Dataset excerpts
──────────────────────────────
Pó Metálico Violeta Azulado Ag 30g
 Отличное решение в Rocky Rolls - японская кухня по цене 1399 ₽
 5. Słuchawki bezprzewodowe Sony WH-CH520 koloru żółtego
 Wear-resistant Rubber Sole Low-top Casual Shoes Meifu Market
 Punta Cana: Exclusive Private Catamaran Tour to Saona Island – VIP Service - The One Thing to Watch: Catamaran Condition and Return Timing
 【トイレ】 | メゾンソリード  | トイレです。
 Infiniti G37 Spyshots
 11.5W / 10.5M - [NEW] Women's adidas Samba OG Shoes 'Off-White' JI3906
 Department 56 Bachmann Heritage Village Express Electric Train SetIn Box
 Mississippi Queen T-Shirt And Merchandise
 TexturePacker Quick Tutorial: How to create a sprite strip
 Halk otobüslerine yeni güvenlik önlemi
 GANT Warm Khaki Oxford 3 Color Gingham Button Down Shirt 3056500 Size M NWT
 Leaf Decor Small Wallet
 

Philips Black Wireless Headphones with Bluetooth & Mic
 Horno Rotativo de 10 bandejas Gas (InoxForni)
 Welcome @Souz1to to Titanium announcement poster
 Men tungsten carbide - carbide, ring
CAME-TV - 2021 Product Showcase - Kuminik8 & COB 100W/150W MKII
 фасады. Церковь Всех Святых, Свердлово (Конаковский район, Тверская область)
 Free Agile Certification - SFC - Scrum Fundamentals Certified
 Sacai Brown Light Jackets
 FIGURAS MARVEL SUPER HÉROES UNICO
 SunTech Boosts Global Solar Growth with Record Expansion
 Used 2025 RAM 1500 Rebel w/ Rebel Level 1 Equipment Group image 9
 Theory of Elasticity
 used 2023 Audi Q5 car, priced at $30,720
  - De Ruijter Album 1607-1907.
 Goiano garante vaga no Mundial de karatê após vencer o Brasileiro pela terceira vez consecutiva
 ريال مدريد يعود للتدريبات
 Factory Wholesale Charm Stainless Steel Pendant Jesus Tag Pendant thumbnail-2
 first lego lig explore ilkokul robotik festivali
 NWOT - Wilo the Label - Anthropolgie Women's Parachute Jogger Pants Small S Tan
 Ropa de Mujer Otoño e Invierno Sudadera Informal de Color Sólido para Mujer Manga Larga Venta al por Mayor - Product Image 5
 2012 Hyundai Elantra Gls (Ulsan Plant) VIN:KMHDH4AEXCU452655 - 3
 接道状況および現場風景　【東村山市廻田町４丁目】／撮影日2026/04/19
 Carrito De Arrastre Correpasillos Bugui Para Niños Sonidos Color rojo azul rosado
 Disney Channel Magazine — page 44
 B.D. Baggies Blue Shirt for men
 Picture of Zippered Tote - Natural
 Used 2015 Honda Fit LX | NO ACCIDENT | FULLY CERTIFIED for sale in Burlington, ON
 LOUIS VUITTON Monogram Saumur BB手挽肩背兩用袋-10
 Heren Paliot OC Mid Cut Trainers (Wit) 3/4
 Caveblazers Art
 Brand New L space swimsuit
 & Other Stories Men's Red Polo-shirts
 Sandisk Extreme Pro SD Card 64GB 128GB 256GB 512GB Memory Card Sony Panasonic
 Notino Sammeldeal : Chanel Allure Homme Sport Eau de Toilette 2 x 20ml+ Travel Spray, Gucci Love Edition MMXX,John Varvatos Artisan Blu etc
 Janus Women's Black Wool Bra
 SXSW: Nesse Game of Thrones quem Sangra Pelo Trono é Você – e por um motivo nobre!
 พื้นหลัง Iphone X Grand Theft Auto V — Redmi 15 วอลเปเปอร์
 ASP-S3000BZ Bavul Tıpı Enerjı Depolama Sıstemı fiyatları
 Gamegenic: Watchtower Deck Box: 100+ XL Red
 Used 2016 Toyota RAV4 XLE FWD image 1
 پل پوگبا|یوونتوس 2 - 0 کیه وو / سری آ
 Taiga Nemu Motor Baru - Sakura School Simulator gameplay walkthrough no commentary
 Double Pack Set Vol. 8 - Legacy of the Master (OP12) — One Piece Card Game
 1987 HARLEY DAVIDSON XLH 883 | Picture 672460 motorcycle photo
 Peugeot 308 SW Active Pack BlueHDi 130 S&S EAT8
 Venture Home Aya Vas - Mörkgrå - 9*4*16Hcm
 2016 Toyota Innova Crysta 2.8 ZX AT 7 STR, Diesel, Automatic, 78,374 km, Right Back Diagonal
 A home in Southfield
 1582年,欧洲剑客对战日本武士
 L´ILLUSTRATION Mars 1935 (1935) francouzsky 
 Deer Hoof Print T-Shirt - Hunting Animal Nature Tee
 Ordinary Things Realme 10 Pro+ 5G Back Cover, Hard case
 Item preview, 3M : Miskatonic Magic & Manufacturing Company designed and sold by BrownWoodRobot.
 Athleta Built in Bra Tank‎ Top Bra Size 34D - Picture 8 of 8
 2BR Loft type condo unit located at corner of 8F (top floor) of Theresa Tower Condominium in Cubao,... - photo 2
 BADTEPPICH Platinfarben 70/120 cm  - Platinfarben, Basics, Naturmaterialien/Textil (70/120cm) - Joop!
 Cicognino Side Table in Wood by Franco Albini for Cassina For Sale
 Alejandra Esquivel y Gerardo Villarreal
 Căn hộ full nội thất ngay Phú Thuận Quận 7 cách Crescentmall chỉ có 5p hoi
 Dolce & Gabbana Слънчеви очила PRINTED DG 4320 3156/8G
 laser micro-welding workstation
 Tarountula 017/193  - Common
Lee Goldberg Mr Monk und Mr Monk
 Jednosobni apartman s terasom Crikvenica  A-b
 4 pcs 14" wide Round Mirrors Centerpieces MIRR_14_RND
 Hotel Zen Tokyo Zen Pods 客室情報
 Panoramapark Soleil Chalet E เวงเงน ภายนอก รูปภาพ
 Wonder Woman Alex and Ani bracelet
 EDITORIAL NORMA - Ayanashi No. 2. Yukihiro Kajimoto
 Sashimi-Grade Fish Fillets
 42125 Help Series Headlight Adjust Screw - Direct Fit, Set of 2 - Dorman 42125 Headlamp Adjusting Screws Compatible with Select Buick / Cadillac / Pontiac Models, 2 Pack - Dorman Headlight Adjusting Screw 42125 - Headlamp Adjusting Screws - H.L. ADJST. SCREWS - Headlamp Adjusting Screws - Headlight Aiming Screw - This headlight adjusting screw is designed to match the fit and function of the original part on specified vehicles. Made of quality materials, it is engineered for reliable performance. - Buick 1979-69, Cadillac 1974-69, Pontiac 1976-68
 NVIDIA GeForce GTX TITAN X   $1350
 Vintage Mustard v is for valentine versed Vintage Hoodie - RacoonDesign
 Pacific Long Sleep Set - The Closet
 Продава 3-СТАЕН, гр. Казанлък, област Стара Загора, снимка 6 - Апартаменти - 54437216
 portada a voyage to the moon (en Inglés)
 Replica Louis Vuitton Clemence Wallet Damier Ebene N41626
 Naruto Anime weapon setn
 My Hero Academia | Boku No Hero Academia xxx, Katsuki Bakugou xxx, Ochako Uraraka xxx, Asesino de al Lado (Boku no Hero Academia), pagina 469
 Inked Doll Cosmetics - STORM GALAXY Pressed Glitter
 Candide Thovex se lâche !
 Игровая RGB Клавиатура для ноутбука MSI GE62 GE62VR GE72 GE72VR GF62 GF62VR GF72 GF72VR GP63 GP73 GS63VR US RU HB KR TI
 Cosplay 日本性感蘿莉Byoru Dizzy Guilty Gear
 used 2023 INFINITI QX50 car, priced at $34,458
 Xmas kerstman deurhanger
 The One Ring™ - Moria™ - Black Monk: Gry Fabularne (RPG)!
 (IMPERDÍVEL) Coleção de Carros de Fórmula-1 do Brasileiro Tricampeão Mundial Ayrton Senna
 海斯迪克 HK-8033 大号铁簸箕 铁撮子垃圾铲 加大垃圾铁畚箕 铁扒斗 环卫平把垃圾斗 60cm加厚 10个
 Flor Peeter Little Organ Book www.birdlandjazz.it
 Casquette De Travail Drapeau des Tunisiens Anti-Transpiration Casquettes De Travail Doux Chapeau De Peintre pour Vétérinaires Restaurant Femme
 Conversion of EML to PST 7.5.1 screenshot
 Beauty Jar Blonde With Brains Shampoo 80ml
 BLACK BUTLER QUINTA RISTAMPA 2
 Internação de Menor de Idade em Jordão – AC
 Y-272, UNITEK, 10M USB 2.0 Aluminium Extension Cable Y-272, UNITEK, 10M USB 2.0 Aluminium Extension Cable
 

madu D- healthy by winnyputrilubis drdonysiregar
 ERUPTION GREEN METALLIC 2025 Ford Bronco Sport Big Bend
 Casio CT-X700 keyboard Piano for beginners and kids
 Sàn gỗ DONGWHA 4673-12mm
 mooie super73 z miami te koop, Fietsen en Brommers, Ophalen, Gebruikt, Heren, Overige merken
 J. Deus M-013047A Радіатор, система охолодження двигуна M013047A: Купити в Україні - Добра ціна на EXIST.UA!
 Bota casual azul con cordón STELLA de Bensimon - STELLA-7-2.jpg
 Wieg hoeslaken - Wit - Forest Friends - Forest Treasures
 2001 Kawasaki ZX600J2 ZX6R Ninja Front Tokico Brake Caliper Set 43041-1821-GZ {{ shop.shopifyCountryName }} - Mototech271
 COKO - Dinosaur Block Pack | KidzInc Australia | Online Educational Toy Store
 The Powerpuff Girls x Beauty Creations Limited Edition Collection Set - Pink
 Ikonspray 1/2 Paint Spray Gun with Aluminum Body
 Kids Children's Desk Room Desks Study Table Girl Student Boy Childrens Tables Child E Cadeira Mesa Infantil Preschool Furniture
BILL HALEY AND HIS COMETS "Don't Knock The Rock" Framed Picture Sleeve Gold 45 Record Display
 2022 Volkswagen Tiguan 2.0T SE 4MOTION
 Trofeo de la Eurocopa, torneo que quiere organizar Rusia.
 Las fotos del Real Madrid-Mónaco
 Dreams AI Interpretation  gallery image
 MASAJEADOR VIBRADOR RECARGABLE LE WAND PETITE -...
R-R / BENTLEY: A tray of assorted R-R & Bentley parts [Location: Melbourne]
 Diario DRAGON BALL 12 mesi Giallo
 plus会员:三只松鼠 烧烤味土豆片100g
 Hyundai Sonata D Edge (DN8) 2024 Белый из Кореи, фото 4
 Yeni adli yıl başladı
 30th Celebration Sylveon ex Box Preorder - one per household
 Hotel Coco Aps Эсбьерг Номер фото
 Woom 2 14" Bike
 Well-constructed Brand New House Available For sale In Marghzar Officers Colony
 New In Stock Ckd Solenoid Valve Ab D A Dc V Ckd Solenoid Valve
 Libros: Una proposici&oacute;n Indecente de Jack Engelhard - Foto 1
──────────────────────────────
PROBLEM TO SOLVE: Quote, word for word, every line from the top of the entries through the line that holds "NWOT - Wilo".

EXERCISE ANSWER:
Pó Metálico Violeta Azulado Ag 30g
 Отличное решение в Rocky Rolls - японская кухня по цене 1399 ₽
 5. Słuchawki bezprzewodowe Sony WH-CH520 koloru żółtego
 Wear-resistant Rubber Sole Low-top Casual Shoes Meifu Market
 Punta Cana: Exclusive Private Catamaran Tour to Saona Island – VIP Service - The One Thing to Watch: Catamaran Condition and Return Timing
 【トイレ】 | メゾンソリード  | トイレです。
 Infiniti G37 Spyshots
 11.5W / 10.5M - [NEW] Women's adidas Samba OG Shoes 'Off-White' JI3906
 Department 56 Bachmann Heritage Village Express Electric Train SetIn Box
 Mississippi Queen T-Shirt And Merchandise
 TexturePacker Quick Tutorial: How to create a sprite strip
 Halk otobüslerine yeni güvenlik önlemi
 GANT Warm Khaki Oxford 3 Color Gingham Button Down Shirt 3056500 Size M NWT
 Leaf Decor Small Wallet
 

Philips Black Wireless Headphones with Bluetooth & Mic
 Horno Rotativo de 10 bandejas Gas (InoxForni)
 Welcome @Souz1to to Titanium announcement poster
 Men tungsten carbide - carbide, ring
CAME-TV - 2021 Product Showcase - Kuminik8 & COB 100W/150W MKII
 фасады. Церковь Всех Святых, Свердлово (Конаковский район, Тверская область)
 Free Agile Certification - SFC - Scrum Fundamentals Certified
 Sacai Brown Light Jackets
 FIGURAS MARVEL SUPER HÉROES UNICO
 SunTech Boosts Global Solar Growth with Record Expansion
 Used 2025 RAM 1500 Rebel w/ Rebel Level 1 Equipment Group image 9
 Theory of Elasticity
 used 2023 Audi Q5 car, priced at $30,720
  - De Ruijter Album 1607-1907.
 Goiano garante vaga no Mundial de karatê após vencer o Brasileiro pela terceira vez consecutiva
 ريال مدريد يعود للتدريبات
 Factory Wholesale Charm Stainless Steel Pendant Jesus Tag Pendant thumbnail-2
 first lego lig explore ilkokul robotik festivali
 NWOT - Wilo the Label - Anthropolgie Women's Parachute Jogger Pants Small S Tan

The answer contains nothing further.